ScalingAR: Scaling Confidence for Autoregressive Image Generation
Abstract
Test-time strategies have shown remarkable success in improving large language models, but their application to next-token prediction (NTP) autoregressive (AR) image generation remains largely underexplored. Existing test-time scaling (TTS) methods for visual autoregressive models (VAR) rely on frequent partial decoding and external reward models, which are inefficient and often ineffective for NTP-based image generation due to the inherent instability of intermediate decoding results. To address these limitations, we propose ScalingAR, a novel test-time scaling framework tailored for NTP-based AR image generation. ScalingAR introduces token entropy as a confidence signal and operates at two complementary levels: (i) Profile Level, integrates intrinsic uncertainty and conditional utilization into a unified confidence state, and (ii) Policy Level, leverages this state for adaptive trajectory pruning and dynamic guidance scheduling.
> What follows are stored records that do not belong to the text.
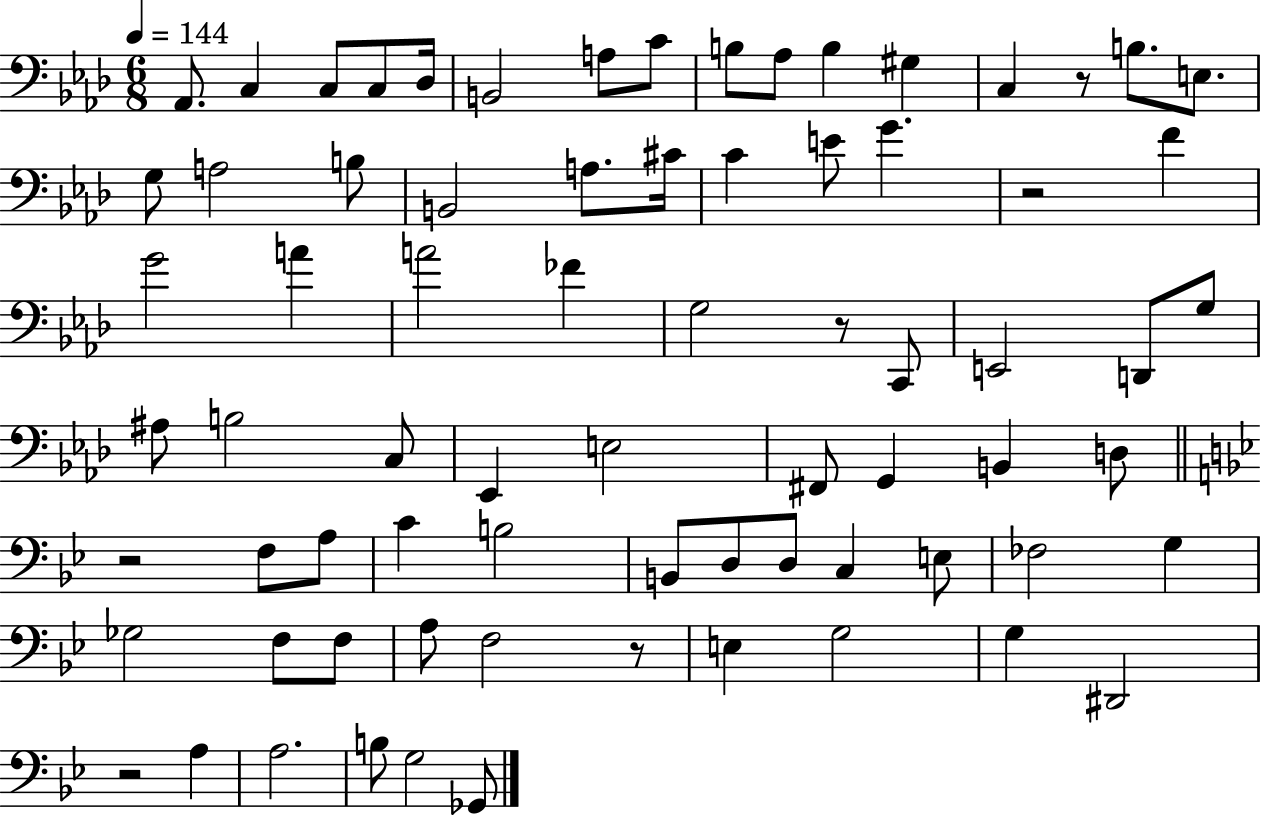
Ab2/e. C3/q C3/e C3/e Db3/s B2/h A3/e C4/e B3/e Ab3/e B3/q G#3/q C3/q R/e B3/e. E3/e. G3/e A3/h B3/e B2/h A3/e. C#4/s C4/q E4/e G4/q. R/h F4/q G4/h A4/q A4/h FES4/q G3/h R/e C2/e E2/h D2/e G3/e A#3/e B3/h C3/e Eb2/q E3/h F#2/e G2/q B2/q D3/e R/h F3/e A3/e C4/q B3/h B2/e D3/e D3/e C3/q E3/e FES3/h G3/q Gb3/h F3/e F3/e A3/e F3/h R/e E3/q G3/h G3/q D#2/h R/h A3/q A3/h. B3/e G3/h Gb2/e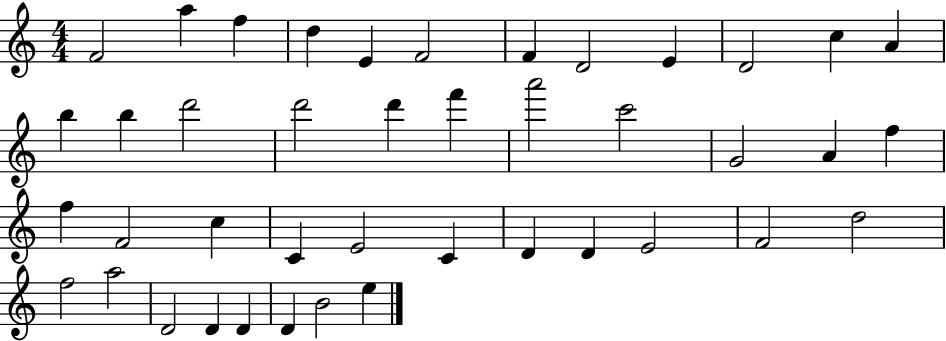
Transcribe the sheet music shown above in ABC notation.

X:1
T:Untitled
M:4/4
L:1/4
K:C
F2 a f d E F2 F D2 E D2 c A b b d'2 d'2 d' f' a'2 c'2 G2 A f f F2 c C E2 C D D E2 F2 d2 f2 a2 D2 D D D B2 e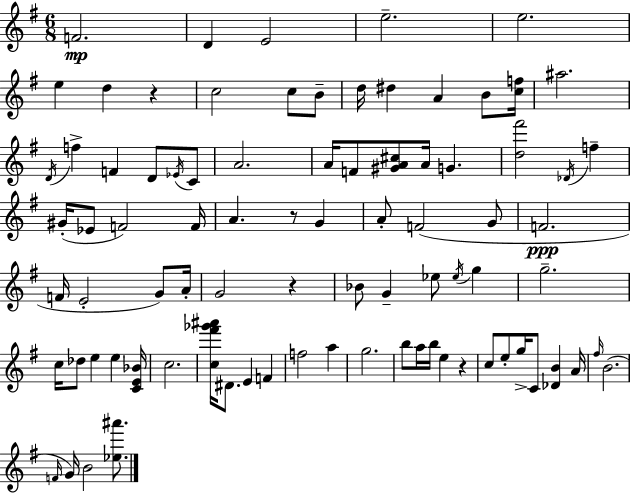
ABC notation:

X:1
T:Untitled
M:6/8
L:1/4
K:G
F2 D E2 e2 e2 e d z c2 c/2 B/2 d/4 ^d A B/2 [cf]/4 ^a2 D/4 f F D/2 _E/4 C/2 A2 A/4 F/2 [^GA^c]/2 A/4 G [d^f']2 _D/4 f ^G/4 _E/2 F2 F/4 A z/2 G A/2 F2 G/2 F2 F/4 E2 G/2 A/4 G2 z _B/2 G _e/2 _e/4 g g2 c/4 _d/2 e e [CE_B]/4 c2 [c^f'_g'^a']/4 ^D/2 E F f2 a g2 b/2 a/4 b/4 e z c/2 e/2 g/4 C/2 [_DB] A/4 ^f/4 B2 F/4 G/4 B2 [_e^a']/2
Without requiring early decoding or auxiliary rewards, ScalingAR achieves significant improvements across diverse benchmarks. Experiments show that ScalingAR (I) improves base models by 12.5% on GenEval and 15.2% on TIIF-Bench, (II) reduces visual token consumption by 62.0% while outperforming baselines, and (III) enhances robustness, mitigating performance degradation by 26.0% in challenging scenarios. These results establish \ourmethod as a robust and efficient test-time scaling solution for autoregressive image generation.